Laibson and Brigitte Madrian, an economist at the Wharton School, have studied one such “pre-commitment device” for 401(k) plans, which deduct part of an employee’s earnings each month and invest them in stocks and bonds. Because the plans are often optional, many people fail to join them, even when their employers offer to match a portion of their contributions. Laibson and his colleagues have called for people to be automatically included in the plans unless they choose to opt out. At companies that have adopted such a policy, enrollment rates have increased sharply.

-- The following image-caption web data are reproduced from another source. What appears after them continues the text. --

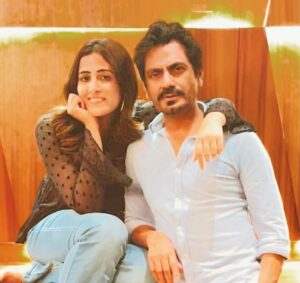 Nawazuddin Siddiqui Instagram - It’s a wrap to one of the most joyous experience filming #NooraniChehra
It was more fun filled because of the amazing Co-actors @nupursanon @sonnalliseygall @jassie.gill @aasifkhan_1 @dollyahluwalia @officialzakirhussain #ShaguftaAli @ram_naresh_diwakar & others
& the coolest Director to work with @navaniatsingh 
A special mention to the most wonderful Producers @kumarmangatpathak #RajeevMalhotra @sharmadeepakr @suniel9 @gorgeousneeta 

A fun ride comes to an end, see you all in theatres.
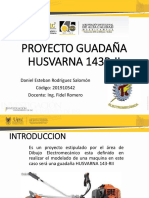 Proyecto paso a paso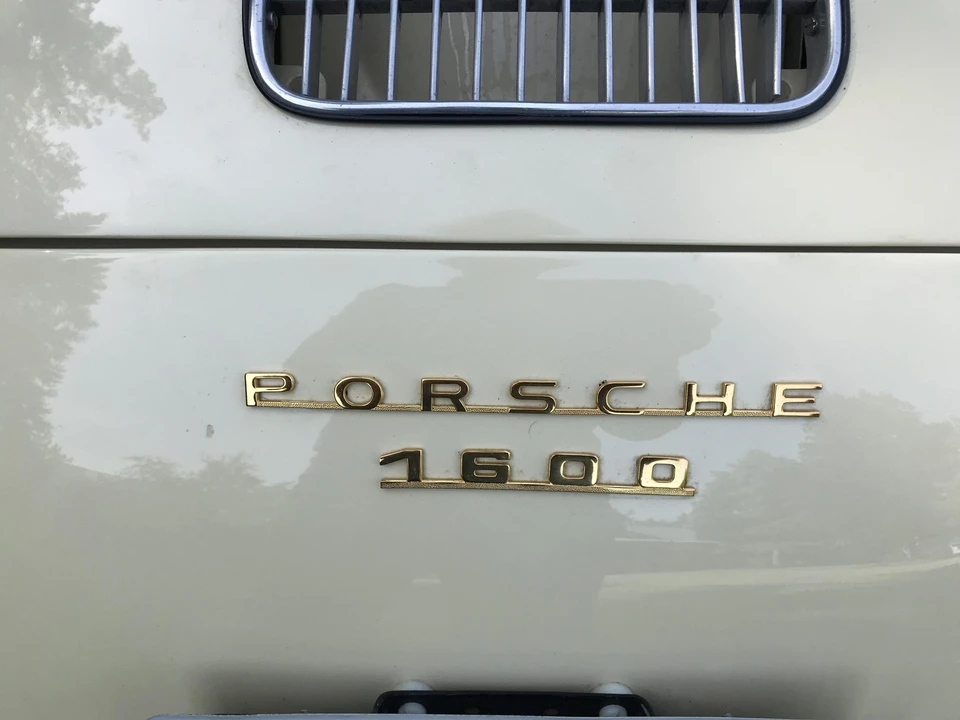 1958 Porsche 356 A - Image 18 of 31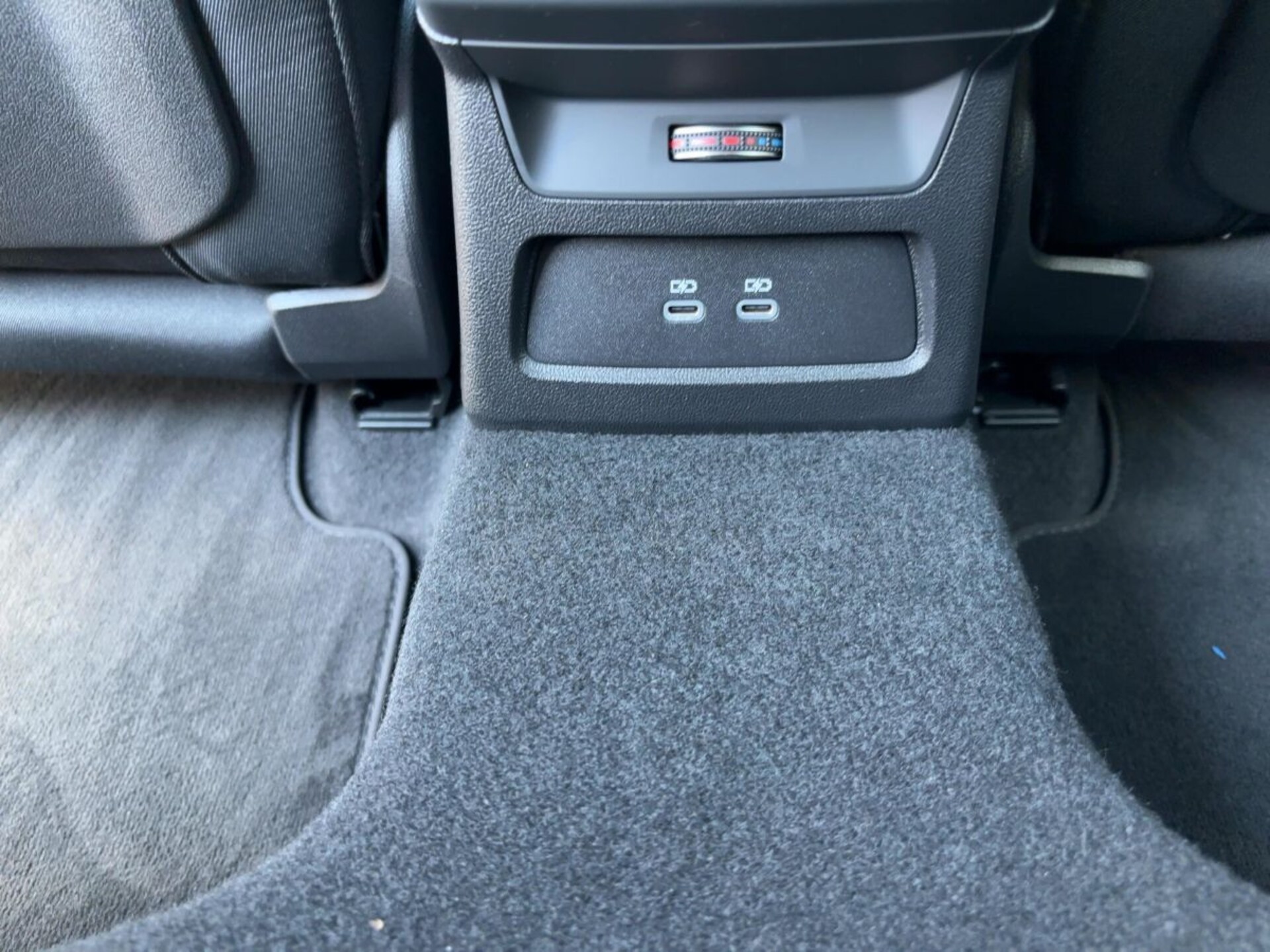 Audi A3 Sportback TFSI e S line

Reforming 401(k) plans is an example of “asymmetric paternalism,” a new political philosophy based on the idea of saving people from the vagaries of their limbic regions. Warning labels on tobacco and potentially harmful foods are similarly intended to keep subcortical structures in check. Neuroeconomists have suggested additional policies, including warning buyers of lottery tickets that their chances of winning are practically nonexistent and imposing mandatory “cooling off ” periods before people make big-ticket purchases, such as cars and boats. “Asymmetric paternalism helps those whose rationality is bounded from making a costly mistake and harms more rational folks very little,” Camerer, Loewenstein, and three colleagues wrote in a 2003 issue of the University of Pennsylvania Law Review. “Such policies should appeal to everyone across the political spectrum.”

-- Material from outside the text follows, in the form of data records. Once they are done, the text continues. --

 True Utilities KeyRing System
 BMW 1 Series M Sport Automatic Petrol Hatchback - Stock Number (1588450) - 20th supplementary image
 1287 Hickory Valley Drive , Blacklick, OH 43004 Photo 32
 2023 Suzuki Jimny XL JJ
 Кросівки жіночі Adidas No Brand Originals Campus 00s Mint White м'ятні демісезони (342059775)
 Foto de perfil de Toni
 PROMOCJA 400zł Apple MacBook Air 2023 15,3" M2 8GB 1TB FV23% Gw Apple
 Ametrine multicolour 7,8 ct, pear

I think this is chock full of normative nonsense. The market failure concept is used to describe conditions under which we expect the market to fail to allocate resources efficiently. There seems to me no relevance to asking whether people act in their own best interest or not. The normative foundations of efficiency economics make the value judgment that we economists take the preferences of others as our given data. I think there are few other options for our normative foundations when we evaluate policy alternatives. I do not want economists to be in the business of judging good and bad preferences, and I don't think many economists want to either. Nor do I think a credible normative position for economics involves us trying to figure out whether people can or cannot pursue their own interests and preferences.

It seems to me that this so called market failure, which is then solved by asymmetric paternalism, really comes down to saying that people make mistakes, and therefore their mistakes will lead to an inefficient allocation of resources. Okay so far, eh? So what should we do about these mistakes? Well, we should have government force people to act so they don't make mistakes with respect to their own best interests. Of course, what shall we suggest to government about identifying these mistakes, that people don't know they are going to make until the mistakes have been made? After all, if I figure out my choice is going to turn out to be a mistake, I'm sure not going to make that choice after all.

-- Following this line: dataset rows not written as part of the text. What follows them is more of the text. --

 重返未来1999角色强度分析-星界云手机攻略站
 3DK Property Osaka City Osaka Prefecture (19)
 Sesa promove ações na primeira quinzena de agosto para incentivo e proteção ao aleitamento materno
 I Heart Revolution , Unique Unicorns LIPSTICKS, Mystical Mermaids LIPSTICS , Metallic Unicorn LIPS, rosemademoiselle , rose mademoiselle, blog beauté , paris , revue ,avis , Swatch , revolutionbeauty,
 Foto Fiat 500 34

This seems to me simply a new way to talk about that ages old economic concept of merit goods. This "new" market failure amounts to the old merit goods, just juiced up with a new "neuroeconomics" scaffolding. Paternalism, asymmetric or soft or the old traditional variety, is paternalism, and it is not consistent with efficiency economics. I simply cannot agree that paternalism of any variety should be part of the normative foundations we economists use to evaluate government and public policy.